5.3.07

Um frio


- E tu, Sara, porque choras? – Que tristeza é essa que te consome?
- Ando perdida de mim. Já não me conheço.
- Como assim? – Conheço-te eu. Conhecem-te tantas pessoas. Estimam-te.
- Conhecem um fantasma. O fantasma do que fui. Sou outra. Sou outras e não sei quem sou. Tenho uma idade na cabeça, outra no coração e outra na pele. O espelho mente-me. Não sou aquela pessoa que ele me devolve. O coração mente-me. Não sou aquela pessoa que ele finge animar. O pensamento mente-me. Não sou aquela pessoa racional e decidida que ele me quer impingir. Afinal, quem sou? – Restos. Restos destroçados do que fui. Naufrágio sem tempestade. Morte sem estertor. Grito sem som. Sou a senhora da agonia. Simplesmente. Delicada e suavemente caminhando na Terra do Nada.

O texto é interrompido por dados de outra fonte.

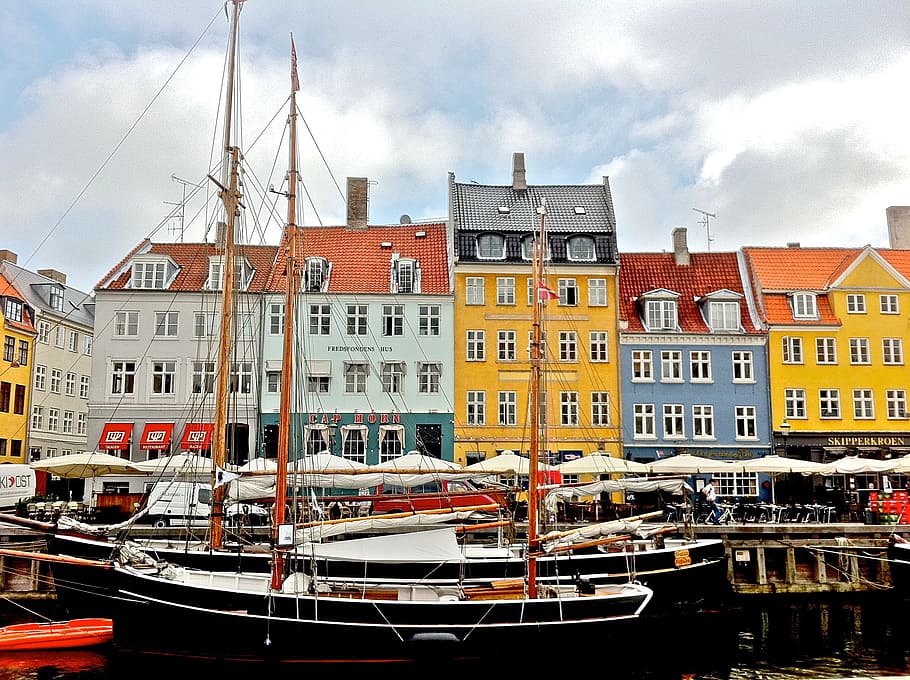 Nyhavn, Copenhagen, Denmark, Canal, water, tourist, scenic, HD wallpaper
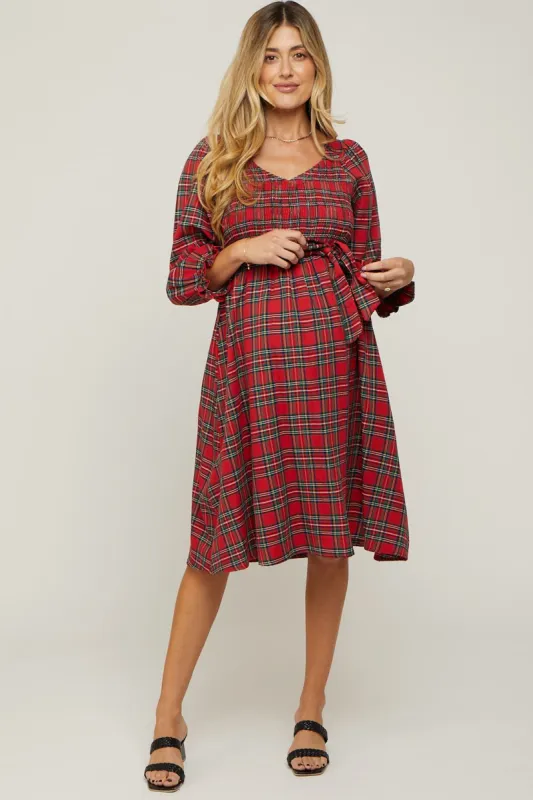 Red Plaid Smocked A-Line Maternity Midi Dress sold by Pinkblush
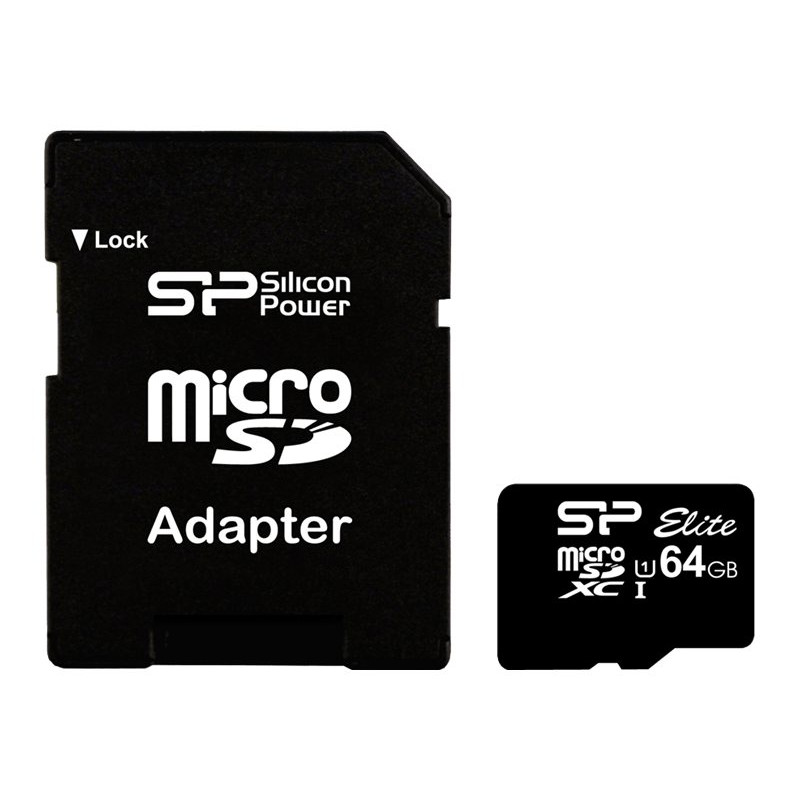SILICON POWER Micro SDXC 64GB Class 10 Elite UHS-1atminties kortelė + adapteris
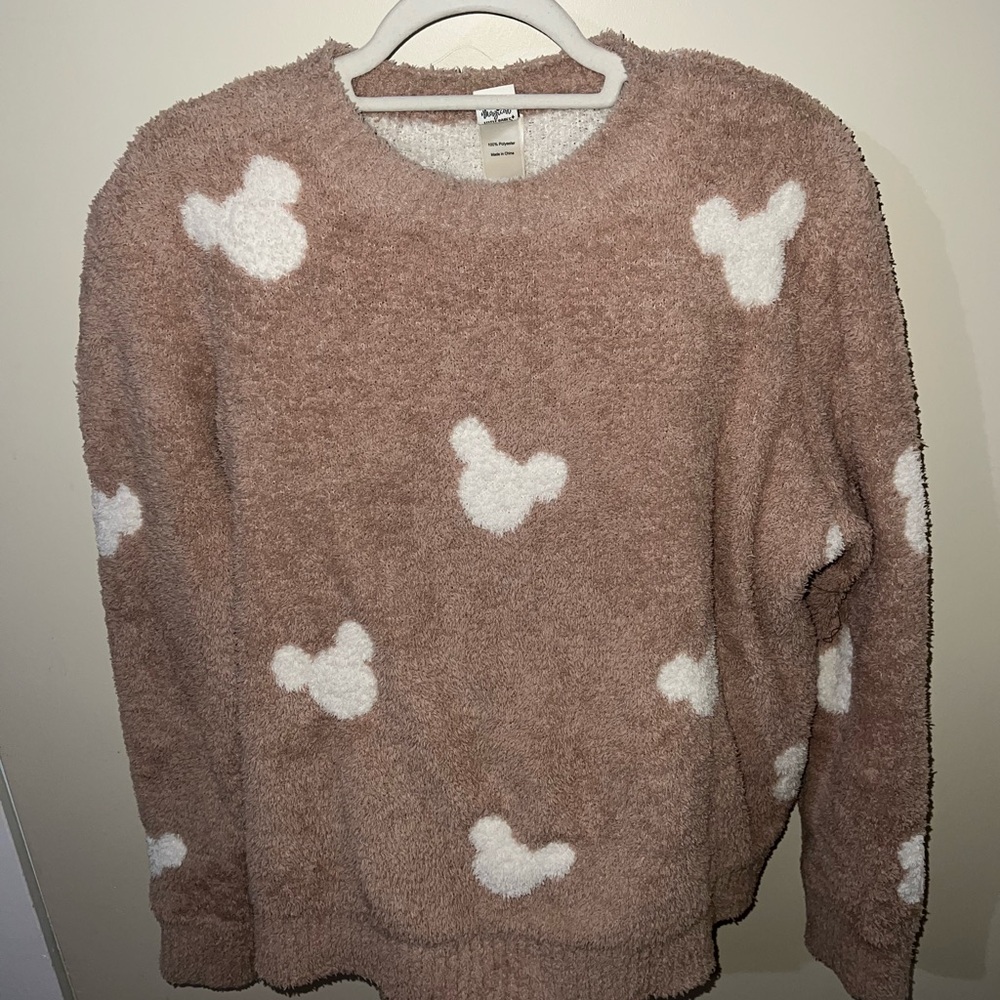 Disney Mickey Cozy Brown and White Sweater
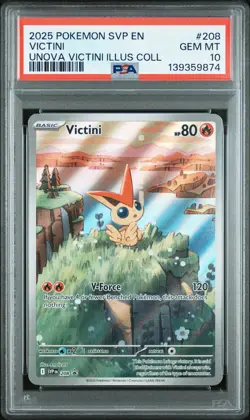 2025 POKEMON SVP EN-SV BLACK STAR PROMO #208 VICTINI PSA 10 - Image 1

(Extraído das folhas soltas, guardadas na escrivaninha)

8 Comments:

Blogger PintoRibeiro said...

Belo, belo, belo. Boa noite Tia, bjinho.

March 05, 2007  
Blogger bettips said...

Desabrocham
As folhas
A idade (que idade tinhas?)
Temos folhas, lâmpada que não se apaga...Gosto (já sabias...) Bjs

March 05, 2007  
Blogger pepe said...

Imagem forte: "sou a senhora da agonia", aquela que é quem não aparenta ser para si mesma. O drama inverso de Dorian Gray, mas muito mais trágico, porque sem culpa, nem proveito.

March 05, 2007  
Blogger Maria Arvore said...

Bonito e profundo. :))

E abrangente porque em alguma altura das nossas vidas somos a "senhora da agonia" (adorei esta imagem)como se desmontássemos um rádio e as peças não voltassem a encaixar.

March 06, 2007  
Blogger antónio paiva said...

....................

essa gaveta, essas folhas soltas

grandes tesouros

......................


Beijo e noite serena

March 06, 2007  
Blogger Bartolomeu said...

Mesmo quando o sol brilha
Sinto a chuva e o frio
Invadirem o meu coração

Mesmo que as nuvens
Já tenham desaparecido
Fica a mesma sensação

Mesmo que me mostres
A razão para lutar
Já não tenho aquela força

Quando olho as minhas mãos
E penso em sobreviver
Sinto que o mundo é uma farsa

Mas mesmo assim os teus olhos
Mantêm-me a esperança acesa
De encontrar a paixão

E mesmo que digas que não
São os teus lábios que falam
E nunca o teu coração.

March 06, 2007  
Blogger Bernardo Kolbl said...

Boa dia Tia.

March 06, 2007  
Blogger Ana said...

Quanto, quanto agradeço, que tenham a generosidade de achar que vale alguma coisa, aquilo que por aqui deixo escrevinhado!